I am curious to understand more about the design considerations behind Etherpad- It’s works awesome- and obviously great code by top-notch coders.
When I tried to do so, I couldnt find much information how to proceed understanding their design/codebase.
Hence, I wanted to share my first experience trying to understand Etherpad’s implementation,and hopefully save some time for someone just venturing.
This assumes that you have Etherpad up and running locally -otherwise, please do look at information from Etherpad google groups /wiki .
Using phpmyadmin ,mysql-query-browser, or mysql-admin you can see that Etherpad has 43 tables.
I then looked a bit on tools to visualize Database Schema-hopefully to make the job of understanding easier!
From this discussion on StackOverflow , I decided to try out DbScehma.
This tool has a free and paid version, with different features- I installed the free version on my Ubuntu 9.10 machine
First thing you see is that none of the tables of Etherpad are linked to each other -no foreign keys- all 43 of them!
Etherpad avoids joins like plague!!
There does not seem to be much documentation of their table schema – what each table is meant for- and why it’s used- and I think effort has to go towards this.
When you add content and check the database, I noticed that these two tables got updated with content:
PAD_REV_META_TEXT (has a field called ‘DATA’)
PAD_REVS_TEXT (also has a field ‘DATA’)
b)On the UI, you can see that each verision of saved text has an ID- which is shown in the timeslider. We have to figure out what happens text is saved-how different versions are maintained- and where.
A bird’s eye view of the schema would be something like this:
(a) a series of tables prefixed by PAD_ (18 tables)
(b) a series of tables prefixed by billing_ (5 tables)
(c)a series of tables prefixed by checkout_ (3 tables)
(d) a series of tables whose names does not follow a pattern (6 tables) : cpds_testtable,db_migrations,eepnet_signups,just_a_test, persistent_vars, pne_tracking_data
(e) Tables prefixed pad_ (2) : pad_guests, pad_cookie_userids
(f) a series of tables prefixed pro_ (7 tables) (Etherpad had a “professional” edition-seems to be related to this)
(g) Tables for statistics (2) : statistics, usage_stats
The tables where all the ‘interesting’ action should be taking place would be those in PAD_
In the Etherpad-source:
This file seems to be a good starting point:
etherpad/trunk/etherpad/src/etherpad/pad/model.js
and in particular, the variable pad .
It’s functions include getID(), create(),destroy(),writeToDB() ,geRevisionText(),getAuthorData(),setAuthorData(),getCoarseChangeset()
The coarseChangeset sizes 10,100,1000 seems to be associated with the tables PAD_REVS10, PAD_REVS10_META and so on.
the pads meta-data attributes are specified in variable pad- which is used for insertion in PAD_REV#_META insertion.
The function writeToDB(): Writes to the different pad tables are done there.
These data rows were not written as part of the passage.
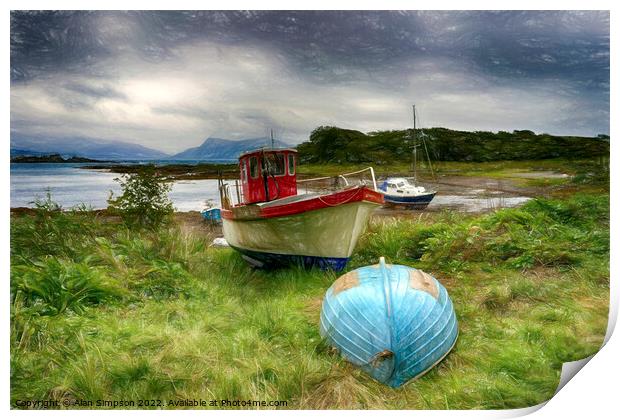 Skye Fishing Boats (Painted) Print by Alan Simpson
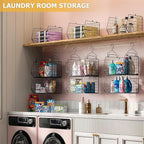 X-cosrack 7 Tier Foldable Hanging Closet Organizer and Storage,Wire Closet Shelving with 4 Large Hooks+ 5 S Hooks,Hanging Bas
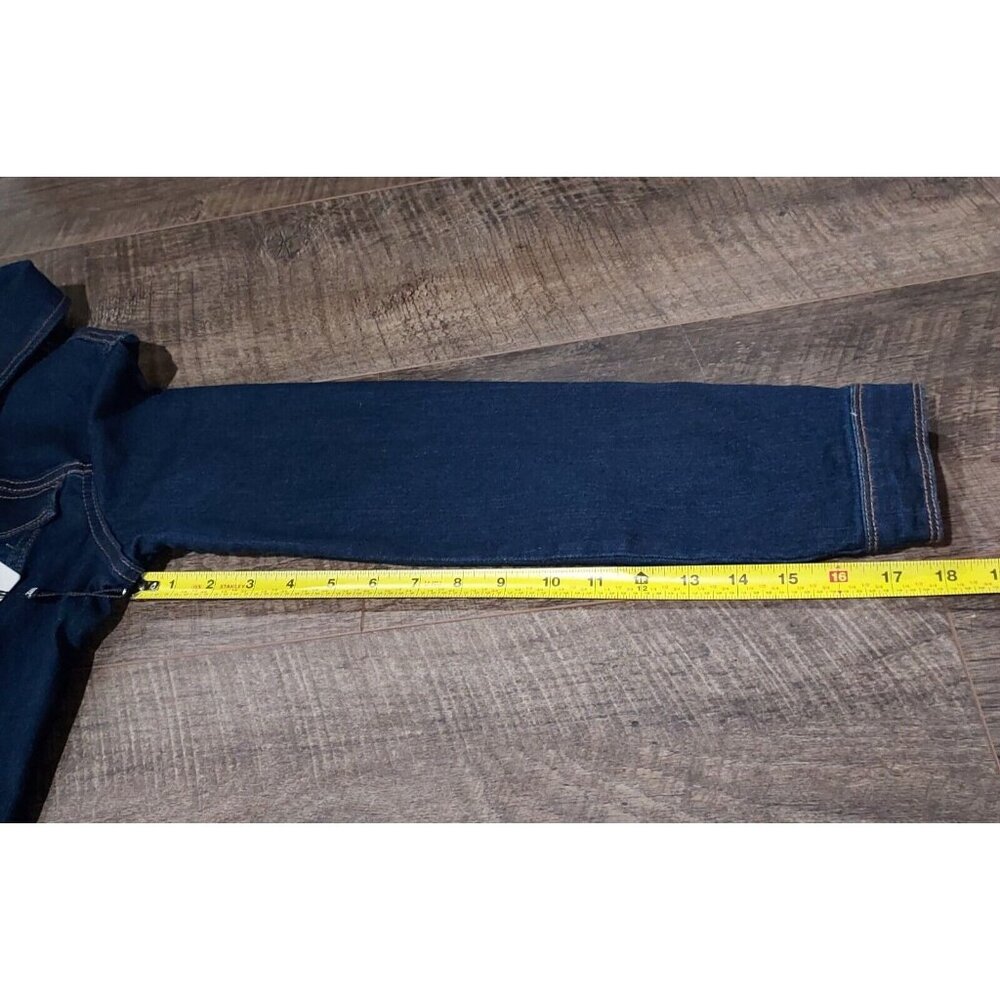 Denim Dark Blue Jean Jacket 1822 Heritage Button-Front Long Sleeve Cotton Size M - Picture 9 of 11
This was my first step in exploring Etherpad- Any insights into design/implementation of Etherpad, or how-to-do-the-same-saving-time would be greatly appreciated!
I took the liberty to copy your excellent intro to the etherpad doc etherpad:
http://doc.etherpad.org/CunUJwhhOH
Thanks a lot Egil!
Nice article. I’m also studying etherpad’s code although I started on the front end engine. I know that etherpad has the ability to use multiple Ajax methodologies for communicating with the server. Which one it uses is dependent on the browser. For instance, it can use Comet streaming for some versions of some browsers, sometimes I see it to be using Comet long polling. When using older versions of browsers, it defaults into short polling.
When trying to understand etherpad’s front end, I use an older version of firefox with firebug to force it not to use streaming(you can’t monitor requests and responses when it’s streaming using firebug >.<).
One of the key things to understand is etherpad's Operational Transformation. This is important since all deltas each user makes are transformed into OpCode strings that are sent to the server and passed on to other users on the same document. The encoding of the opcode is not easy to understand. When viewed in firebug, it looks like some sort of weird mathematical formula.
The PRO tables by the are for when you activate the PRO mode. Our installation in the company I work in uses that mode so we can create Team sites and password protect documents.
Hi Hyangenlo!
Great that you liked the article !
Thanks for sharing information about Operational transformation… Was not hacking etherpad for a while.. I shall begin the process again!
Regards,
Arvind